Organizational skills or language skills?

Needless to say, it is understandable that reading and writing teachers might feel it is their responsibility to teach reading and writing, grammar teachers might feel obliged to teach grammar, and conversation instructors might believe it is their job to teach conversation skills. They may be reticent to take time out from what they perceive as the real subjects of instruction to focus on organizational skills. However, the degree of a teacher's success in these teaching endeavors depends on a student's ability to organize. Teaching organizational skills and teaching language skills do not constitute an either-or choice. On the contrary, spending time teaching organizational skills "eventually saves time by facilitating the learning of content material and creating more effective techniques for test preparation" (Sedita 2006).

Cultural preparation

There are further grounds for teaching organizational skills. Most English as a foreign language (EFL) programs recognize that language goes hand-in-hand with culture, and they willingly accept the challenge to teach their students knowledge about the culture along with knowledge about the language. Since many EFL students may one day come to an American or western-style academic institution or may one day work for a multinational company, teaching organizational skills is an ideal instructional strategy to promote cultural adjustment.
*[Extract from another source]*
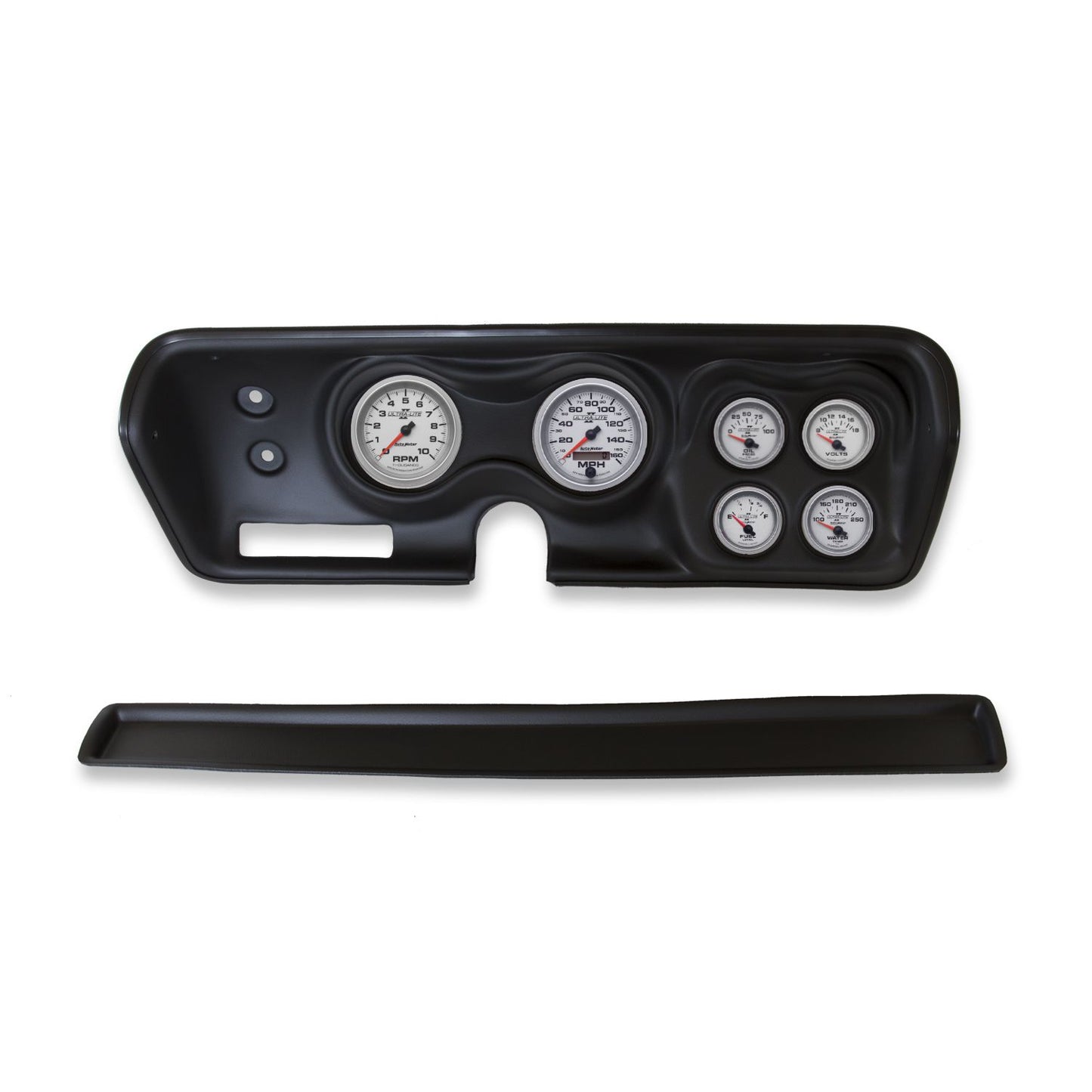 Autometer 71-74 B-Body RPM/MPH/FUEL/OILP/WTMP/BAT Ultra-Lite II 2140-14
Some of these students may come from cultures that are more collectivistic than individualistic, that focus more on indirect than direct communication, and that give oral skills primacy over literacy (reading and writing skills). If the students are going to attend an institution of higher education or look for a job in a western-style company, they should be prepared to handle large quantities of paper. In cultures with an emphasis on reading and writing, or literacy, people are held accountable for information they have received in written form. For example, professors at universities in the United States might include test dates on the syllabus handed out at the beginning of the semester but not refer to those dates orally in class. If printed information is given to the students, the students are responsible for knowing that information. As Robert Kaplan, professor emeritus at the University of Southern California, explains, "we have come to believe that the written" language "is inherently (or can be made to be) more accurate than the spoken variety" (Kaplan 1986, 18).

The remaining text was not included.